Create a Bulletproof Website Plan

The most expensive part of a website is building the wrong thing, and that’s followed closely by changing your mind. Both scenarios require budget-blowing, unanticipated, frustrating rework. You need a great plan in place so you don’t build the wrong thing and so stakeholders don’t change their minds (more on this next).

The first step to an effective plan is research. You must uncover what your users want and what your business needs from your website. Proper research will lead you to the problem(s) your website needs to solve.

Once you’ve identified the problem, set objectives so you can measure how well you’re solving said problem. Your great website plan is then comprised of the steps you’ll take to solve the problem and reach your objectives.

Obtain Stakeholder Buy-In

The plan you document needs to clearly define what you’ll be creating, what you won’t be creating — and why. Get buy-in from your entire team on this plan ASAP, especially from senior stakeholders in all relevant departments.

Remember, a website is so much more than a marketing or sales tool. It’s what you’ll use to recruit new hires, attract investors, and, yes, convert leads. Your new site plan will need approval from HR, finance, and other stakeholders.
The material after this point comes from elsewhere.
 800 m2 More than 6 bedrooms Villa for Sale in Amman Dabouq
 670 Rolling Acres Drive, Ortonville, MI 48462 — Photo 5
Otherwise, you’ll run the risk of alienating these departments, potentially stifling your progress. For example, HR is unlikely to approve of whatever you deem acceptable as a recruitment section on your site if you don’t ask first.

Ensuring your stakeholders understand the “why” behind each feature and aspect on your website is also crucial. If a developer, for instance, doesn’t know the background behind why he’s building a certain feature, he’ll feel free to go in any direction he pleases. He’ll make assumptions. Context gives everyone the information they need to do their parts as effectively as possible, helping you reach your objectives and bypass unwanted surprises.

Communicate Clearly and Regularly with Your Entire Team

Even with a solid plan in place, it’s possible for unexpected challenges to arise during your website project. That’s why regular communication — beyond the planning stages — is vital.

For starters, a responsibility assignment matrix will make it clear to everyone who is to be accountable, consulted, and informed on each part of your process. There’s no guessing or assuming who is supposed to do what, meaning there’s less opportunity for frustration (including yourself if you expected work to be done that wasn’t).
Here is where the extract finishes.